With the material below, print exactly the lines between the line holding "Предварительный просмотр 2" and the line holding "Blueair DustMagnet™ 5210i/5240i", inclusive. Add nothing else.

- Input for this task
'''

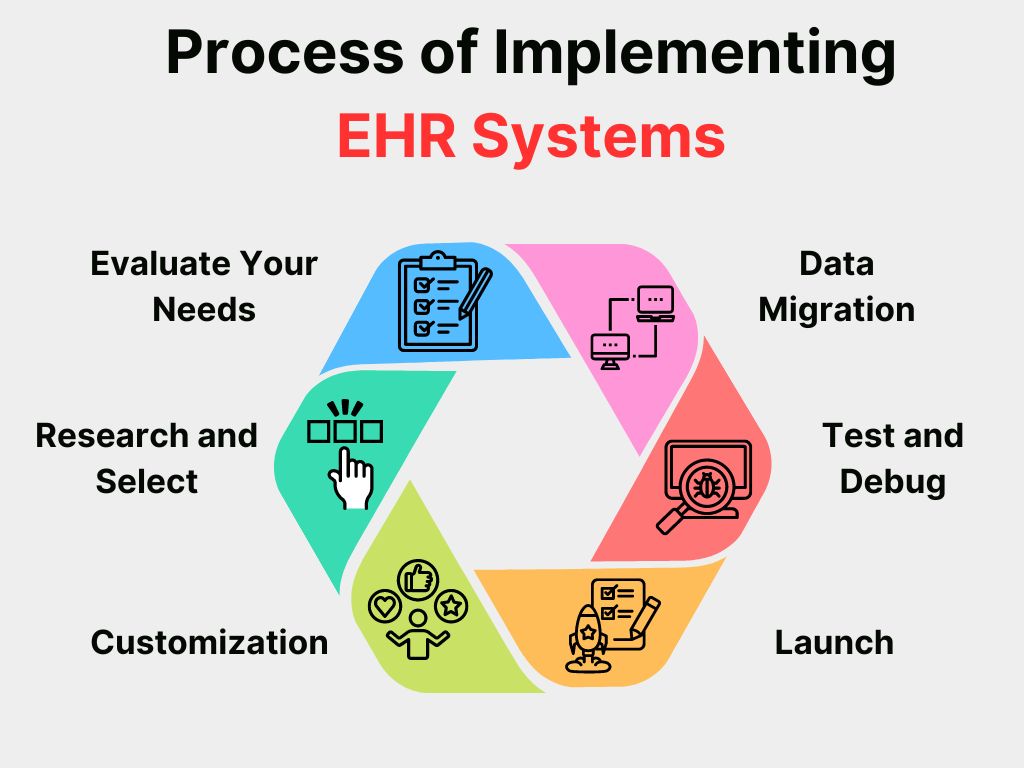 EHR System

'''
'''

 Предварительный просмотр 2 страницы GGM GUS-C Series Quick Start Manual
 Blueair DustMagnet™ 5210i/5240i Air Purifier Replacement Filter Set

'''
'''

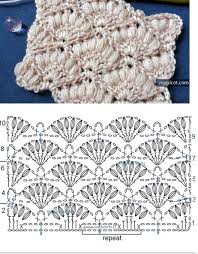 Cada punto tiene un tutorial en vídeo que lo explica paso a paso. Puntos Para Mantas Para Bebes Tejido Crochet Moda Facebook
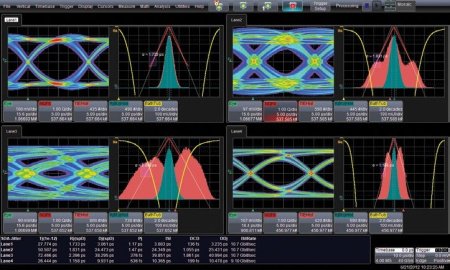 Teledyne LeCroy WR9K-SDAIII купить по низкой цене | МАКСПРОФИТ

'''

- Task result
 Предварительный просмотр 2 страницы GGM GUS-C Series Quick Start Manual
 Blueair DustMagnet™ 5210i/5240i Air Purifier Replacement Filter Set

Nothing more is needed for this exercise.